The federal government shutdown is now the longest in U.S. history. New reports over the weekend indicate an increasing (yes, ever-increasing) level of concern about the possibility that President Trump is or has been actively working to advance the interests of Russia to the detriment of the United States. At the very least, it is inarguable that Trump has taken
unusual unprecedented steps to hide the details of all of his discussions with Russian President Vladimir Putin from even his most senior staff. As even a child understands, if you have nothing to hide, you don’t go to extreme lengths to, you know, hide things.
There is no hiding from the fact that Trump is causing great harm to this country and our political system. But as Greg Sargent of the Washington Post writes today in a column that is being widely shared, it’s time that Americans take a deeper look at the enablers that make Trump’s actions possible:
Two new blockbuster scoops about President Trump’s relations with Russia — combined with fresh signs that Trump will drag out the government shutdown indefinitely — should renew our focus on the quiet but critical role that Mitch McConnell has played in enabling the damage that Trump is doing to the country on so many fronts…
…In much discussion of all these matters, there is a terrible rhetorical habit of treating GOP conduct toward Trump as mere passive acquiescence. In fact, this is better seen as an active enabling, on one front after another. And we are likely to learn much more about just how damaging this has been soon enough. [Pols emphasis]
Republican leadership in Congress doesn’t appear to know how to deal with any of this, so they have ended up doing nothing. You might as well just change the Republican Party logo from an elephant to a “¯\_(ツ)_/¯ ” emoji.
Senate Majority Leader Mitch McConnell wasn’t in Washington D.C. on Friday, the first day that federal employees missed a regular paycheck. Neither was Colorado Republican Sen. Cory Gardner — he was at the stock show in Denver instead.

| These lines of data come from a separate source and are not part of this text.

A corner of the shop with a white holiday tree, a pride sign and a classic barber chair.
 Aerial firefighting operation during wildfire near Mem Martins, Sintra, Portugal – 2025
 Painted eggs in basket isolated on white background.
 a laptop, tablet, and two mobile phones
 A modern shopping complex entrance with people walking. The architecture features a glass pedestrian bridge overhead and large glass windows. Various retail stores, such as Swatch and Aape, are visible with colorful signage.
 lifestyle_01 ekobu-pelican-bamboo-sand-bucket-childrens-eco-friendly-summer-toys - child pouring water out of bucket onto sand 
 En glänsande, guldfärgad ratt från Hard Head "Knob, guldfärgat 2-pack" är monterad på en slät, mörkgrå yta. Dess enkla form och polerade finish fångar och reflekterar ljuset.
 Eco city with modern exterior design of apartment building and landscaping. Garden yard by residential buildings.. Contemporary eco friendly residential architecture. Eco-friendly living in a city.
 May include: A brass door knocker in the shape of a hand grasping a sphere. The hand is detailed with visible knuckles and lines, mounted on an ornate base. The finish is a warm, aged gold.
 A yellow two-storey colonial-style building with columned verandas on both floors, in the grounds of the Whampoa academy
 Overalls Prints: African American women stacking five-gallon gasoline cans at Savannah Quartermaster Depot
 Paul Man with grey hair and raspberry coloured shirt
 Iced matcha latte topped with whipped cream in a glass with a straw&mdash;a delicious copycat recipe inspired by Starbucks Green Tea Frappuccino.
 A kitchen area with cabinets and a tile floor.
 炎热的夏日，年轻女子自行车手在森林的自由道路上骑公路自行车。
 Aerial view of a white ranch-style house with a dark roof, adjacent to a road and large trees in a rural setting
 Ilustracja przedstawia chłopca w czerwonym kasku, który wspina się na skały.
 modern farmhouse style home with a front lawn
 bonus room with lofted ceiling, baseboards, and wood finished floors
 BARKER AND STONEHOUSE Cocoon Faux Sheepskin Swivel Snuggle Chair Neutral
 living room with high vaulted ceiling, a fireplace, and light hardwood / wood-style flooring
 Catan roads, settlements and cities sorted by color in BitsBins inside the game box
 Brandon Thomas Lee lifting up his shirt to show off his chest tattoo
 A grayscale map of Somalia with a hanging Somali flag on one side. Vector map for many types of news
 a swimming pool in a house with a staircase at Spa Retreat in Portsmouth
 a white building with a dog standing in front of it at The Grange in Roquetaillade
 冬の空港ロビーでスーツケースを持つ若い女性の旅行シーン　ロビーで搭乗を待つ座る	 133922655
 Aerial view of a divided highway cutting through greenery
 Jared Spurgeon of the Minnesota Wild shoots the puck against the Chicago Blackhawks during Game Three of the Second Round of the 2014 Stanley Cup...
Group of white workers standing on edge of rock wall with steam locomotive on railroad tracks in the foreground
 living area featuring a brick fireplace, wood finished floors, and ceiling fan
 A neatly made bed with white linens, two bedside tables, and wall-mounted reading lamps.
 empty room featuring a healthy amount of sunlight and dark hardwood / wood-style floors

Republicans have lost the messaging battle over the government shutdown — which is no surprise given that President Trump has repeatedly said that he would own the shutdown himself. Even Trump’s once-loyal base of white, working-class voters is starting to slip away. Yet Senate Republican leadership, which includes both McConnell and Gardner, won’t act.
Sure, Gardner will say that he wants the shutdown to end, but he won’t do anything about it. Officials from Colorado’s Congressional delegation, including Sen. Michael Bennet (D-Denver), were at Denver International Airport today to talk about the shutdown and proposals to get the government up and running — proposals that Republican leadership won’t even consider because Trump demands a big wall. If Gardner was at DIA on Monday, it was because he was flying somewhere else.
Responding to someone like President Trump with inaction is absolutely the same as enabling him. If and when Trump falls, his enablers will go right along with him.